Some States Consider Modifying CHIP To Cover Budget Deficits
Several states are modifying or cutting back on their CHIP programs in an effort to balance budgets restrained by the recession, the cost of fighting terrorism and rising Medicaid costs, USA Today reports. While no states are considering eliminating the program completely, some are curtailing enrollments and imposing premiums, USA Today reports. The following highlights changes to some states' CHIP programs.
- Idaho: The state has reduced its spending cap for the program from $4.6 million to $3.8 million in next fiscal year.
- Kentucky: Since June 2001, enrollees have been required to verify income eligibility annually in person.
- New Mexico: Gov. Gary Johnson (R) has proposed reducing eligibility limits from 235% of the federal poverty level -- an annual income of $42,000 for a family of four -- to 200% for children ages five and younger and 100% for children ages 6-18.

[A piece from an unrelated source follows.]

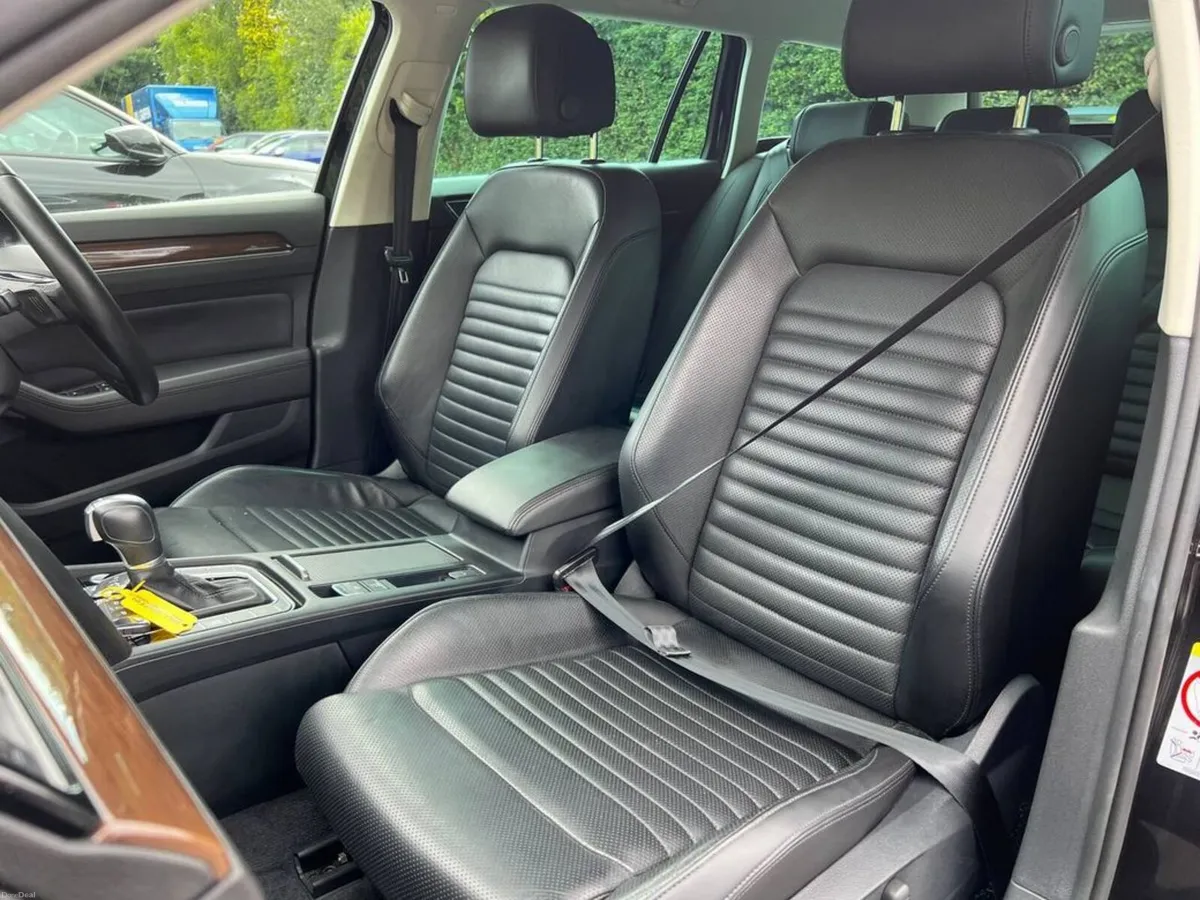 Volkswagen Passat HIGHLINE VARIANT 2.0 TDI AUTO // - Image 6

- Utah: Due to larger-than-anticipated enrollment, Utah has limited dental coverage and frozen enrollment.
Sicker Children?
While officials in many states say the cutbacks are only temporary and will be lifted once states' economic condition improves, critics say the changes may cause thousands of children to go without health insurance. Ron Pollack, executive director of the health care advocacy organization Families USA, said that children without health coverage are "much sicker" and "wind up doing much poorer in school" because they have "health problems that either never get detected or get detected too late." Still, Vickie Gates, director of State Coverage Initiatives, which advocates broader health care coverage, said, "While we'd like a situation where none of these cuts were being made, you have to read this in the context of states' budget circumstances, not as a lack of support for children's coverage" (Jones, USA Today, 4/1).